Natural Gas
"Truthland" Has The Facts You Didn’t See In "Gasland"
On Saturday, June 16, the documentary film “Truthland” will make its first official screening to audiences in Columbus, Ohio, followed by a 35-stop screening tour across more than 12 U.S. states. “Truthland” comes as a response to the 2010 Josh Fox documentary film “Gasland,” a film that skewed audience’s beliefs about natural gas drilling.
“Gasland” portrayed natural gas drilling in a misguided and inaccurate way, leaving viewers to believe that it was directly linked to the contamination of both tap water and local lakes, leading to health issues in residents and cattle, and the death of many fish, respectively.
“Truthland,” on the other hand, sets out to tell the real truth about shale development. The star of “Truthland” isn’t a filmmaker like Josh Fox in “Gasland,” and she wasn’t paid to make the film; she is a Pennsylvania farmer and mother, named Shelly, who recently permitted hydraulic fracturing of natural gas under her farm. Since Shelly is responsible for a family and livestock, she wanted to find out for herself if the disturbing images of natural gas drilling portrayed in “Gasland” had any validity.
In a June 13, 2012, national press release pertaining to the launch of “Truthland,” the film is described as the “factual alternative to ‘Gasland.’” In the film, Shelly interviews a professor of geosciences, the former secretary of the Pennsylvania Department of Environmental protection, and the director of the Environmental Defense Fund Texas Regional Office, among other experts. Her purpose was to question these experts about the safety of natural gas drilling: “The only thing they were asked to do was tell the truth: as best they knew it.” None of these interviewees were paid for their contribution to the film, yet they all had the resounding answer that hydraulic fracturing is safe and highly regulated, and doesn’t have the harmful consequences that Josh Fox makes viewers believe in “Gasland.”
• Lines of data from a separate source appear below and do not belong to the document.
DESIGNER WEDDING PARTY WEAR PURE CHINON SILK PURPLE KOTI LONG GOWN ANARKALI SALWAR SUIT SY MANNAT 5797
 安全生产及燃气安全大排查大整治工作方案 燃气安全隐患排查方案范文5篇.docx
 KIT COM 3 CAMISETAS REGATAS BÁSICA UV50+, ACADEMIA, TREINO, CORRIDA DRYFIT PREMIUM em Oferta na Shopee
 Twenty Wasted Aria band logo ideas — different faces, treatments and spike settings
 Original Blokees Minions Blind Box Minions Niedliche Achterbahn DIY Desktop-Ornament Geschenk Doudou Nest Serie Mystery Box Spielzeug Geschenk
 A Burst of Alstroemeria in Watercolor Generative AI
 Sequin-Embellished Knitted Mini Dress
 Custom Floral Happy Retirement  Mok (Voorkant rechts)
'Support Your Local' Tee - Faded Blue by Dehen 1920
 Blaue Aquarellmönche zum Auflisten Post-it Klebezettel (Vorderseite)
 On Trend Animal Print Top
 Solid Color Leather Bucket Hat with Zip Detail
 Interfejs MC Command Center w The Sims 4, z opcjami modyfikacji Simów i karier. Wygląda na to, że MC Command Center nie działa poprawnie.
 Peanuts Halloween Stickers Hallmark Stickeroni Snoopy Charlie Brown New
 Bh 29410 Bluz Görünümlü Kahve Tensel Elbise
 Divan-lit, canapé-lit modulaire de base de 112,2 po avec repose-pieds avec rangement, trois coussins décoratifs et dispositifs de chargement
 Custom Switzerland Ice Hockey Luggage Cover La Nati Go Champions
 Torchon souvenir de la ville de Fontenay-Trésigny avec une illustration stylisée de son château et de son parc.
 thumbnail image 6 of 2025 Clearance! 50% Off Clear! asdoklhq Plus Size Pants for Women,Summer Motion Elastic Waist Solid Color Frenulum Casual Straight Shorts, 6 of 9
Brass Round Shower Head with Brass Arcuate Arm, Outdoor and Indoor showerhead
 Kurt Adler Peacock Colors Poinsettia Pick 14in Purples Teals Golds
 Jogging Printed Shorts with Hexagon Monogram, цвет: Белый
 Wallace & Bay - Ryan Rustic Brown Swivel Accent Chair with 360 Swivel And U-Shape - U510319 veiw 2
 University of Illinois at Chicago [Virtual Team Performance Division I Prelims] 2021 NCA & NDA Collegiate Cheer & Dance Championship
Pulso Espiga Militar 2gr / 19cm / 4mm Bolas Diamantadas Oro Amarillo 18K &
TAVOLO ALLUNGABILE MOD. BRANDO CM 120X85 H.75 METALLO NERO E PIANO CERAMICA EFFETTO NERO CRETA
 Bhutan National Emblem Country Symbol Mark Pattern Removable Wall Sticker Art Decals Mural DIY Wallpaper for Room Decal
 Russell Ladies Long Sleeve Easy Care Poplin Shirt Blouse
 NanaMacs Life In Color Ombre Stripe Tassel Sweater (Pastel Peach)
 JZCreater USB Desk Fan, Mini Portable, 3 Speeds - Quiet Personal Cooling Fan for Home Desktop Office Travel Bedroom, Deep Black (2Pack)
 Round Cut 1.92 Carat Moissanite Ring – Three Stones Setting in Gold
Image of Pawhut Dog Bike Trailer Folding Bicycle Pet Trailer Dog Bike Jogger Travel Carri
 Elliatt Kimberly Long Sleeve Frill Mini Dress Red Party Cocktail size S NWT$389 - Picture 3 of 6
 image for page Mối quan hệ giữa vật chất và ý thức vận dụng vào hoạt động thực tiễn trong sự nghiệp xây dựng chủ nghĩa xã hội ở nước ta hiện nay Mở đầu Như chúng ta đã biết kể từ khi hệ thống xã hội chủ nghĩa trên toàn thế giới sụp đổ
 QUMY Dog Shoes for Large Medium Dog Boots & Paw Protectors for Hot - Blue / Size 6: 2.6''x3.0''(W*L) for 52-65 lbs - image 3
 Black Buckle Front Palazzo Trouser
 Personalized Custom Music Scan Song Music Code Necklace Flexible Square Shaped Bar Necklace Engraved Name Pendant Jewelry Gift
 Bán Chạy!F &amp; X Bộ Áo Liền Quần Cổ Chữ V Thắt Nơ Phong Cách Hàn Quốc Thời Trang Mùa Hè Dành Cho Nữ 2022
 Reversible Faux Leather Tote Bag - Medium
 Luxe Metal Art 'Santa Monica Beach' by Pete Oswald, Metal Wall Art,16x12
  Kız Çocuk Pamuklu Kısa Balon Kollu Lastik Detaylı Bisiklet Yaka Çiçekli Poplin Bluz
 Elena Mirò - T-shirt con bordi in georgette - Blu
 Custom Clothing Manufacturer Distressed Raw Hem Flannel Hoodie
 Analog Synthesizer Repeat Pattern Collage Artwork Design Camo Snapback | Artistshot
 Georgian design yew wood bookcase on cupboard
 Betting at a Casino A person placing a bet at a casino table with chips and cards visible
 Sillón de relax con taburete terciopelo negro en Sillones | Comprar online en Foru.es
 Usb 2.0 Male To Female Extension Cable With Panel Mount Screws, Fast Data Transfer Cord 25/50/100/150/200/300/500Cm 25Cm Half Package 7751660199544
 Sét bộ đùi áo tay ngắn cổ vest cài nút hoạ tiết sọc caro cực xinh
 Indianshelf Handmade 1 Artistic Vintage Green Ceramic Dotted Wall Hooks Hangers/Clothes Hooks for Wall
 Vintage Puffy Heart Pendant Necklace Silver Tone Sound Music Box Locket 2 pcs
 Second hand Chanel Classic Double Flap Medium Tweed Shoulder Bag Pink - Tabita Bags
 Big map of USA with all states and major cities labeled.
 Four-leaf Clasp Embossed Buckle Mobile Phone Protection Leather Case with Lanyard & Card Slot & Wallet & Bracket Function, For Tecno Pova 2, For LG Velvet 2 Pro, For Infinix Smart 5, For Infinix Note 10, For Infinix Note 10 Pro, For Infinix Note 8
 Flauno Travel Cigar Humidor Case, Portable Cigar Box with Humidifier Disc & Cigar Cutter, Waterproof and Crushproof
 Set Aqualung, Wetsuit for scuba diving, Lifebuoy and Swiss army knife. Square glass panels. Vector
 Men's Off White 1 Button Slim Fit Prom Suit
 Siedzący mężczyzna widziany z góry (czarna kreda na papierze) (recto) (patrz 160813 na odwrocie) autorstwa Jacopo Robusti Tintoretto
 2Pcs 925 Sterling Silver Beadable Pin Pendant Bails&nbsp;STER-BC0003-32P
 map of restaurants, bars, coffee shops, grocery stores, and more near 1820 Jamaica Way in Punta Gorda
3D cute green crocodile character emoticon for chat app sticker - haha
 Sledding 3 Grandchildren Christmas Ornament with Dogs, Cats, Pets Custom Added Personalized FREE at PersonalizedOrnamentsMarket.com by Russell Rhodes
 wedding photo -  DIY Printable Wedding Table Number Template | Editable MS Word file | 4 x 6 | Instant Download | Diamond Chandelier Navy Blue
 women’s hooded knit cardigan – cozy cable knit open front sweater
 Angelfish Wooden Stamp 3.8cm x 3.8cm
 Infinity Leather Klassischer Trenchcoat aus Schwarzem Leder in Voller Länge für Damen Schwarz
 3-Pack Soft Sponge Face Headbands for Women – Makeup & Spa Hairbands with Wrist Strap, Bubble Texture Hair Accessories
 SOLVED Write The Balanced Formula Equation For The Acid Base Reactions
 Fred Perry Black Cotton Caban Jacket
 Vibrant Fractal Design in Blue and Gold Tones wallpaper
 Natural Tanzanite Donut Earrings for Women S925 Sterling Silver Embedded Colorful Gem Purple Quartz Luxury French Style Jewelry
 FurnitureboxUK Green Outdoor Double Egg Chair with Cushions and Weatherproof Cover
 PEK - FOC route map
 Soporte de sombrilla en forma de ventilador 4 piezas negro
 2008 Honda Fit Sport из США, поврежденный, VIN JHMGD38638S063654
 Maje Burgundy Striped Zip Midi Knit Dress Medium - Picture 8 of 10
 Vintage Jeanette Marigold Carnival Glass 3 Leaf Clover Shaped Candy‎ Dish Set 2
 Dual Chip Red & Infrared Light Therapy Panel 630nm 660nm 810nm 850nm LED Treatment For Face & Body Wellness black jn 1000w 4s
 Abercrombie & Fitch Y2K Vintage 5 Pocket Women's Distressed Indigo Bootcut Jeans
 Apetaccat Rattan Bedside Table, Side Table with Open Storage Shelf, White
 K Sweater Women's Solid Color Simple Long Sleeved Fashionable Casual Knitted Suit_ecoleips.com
“Truthland” is a project facilitated by the Independent Petroleum Association of America (IPAA) and Energy In Depth (EID). Yet, they aren’t the only ones working to set the record straight in response to misleading representation of the effects of natural gas drilling, as was shown in the “Gasland” documentary. The Switch Energy Project also released a documentary film, along with educational programs, to help build knowledge and awareness about energy and our future. Projects like this, along with the documentary film “Truthland,” are credible resources of information about gas drilling and production.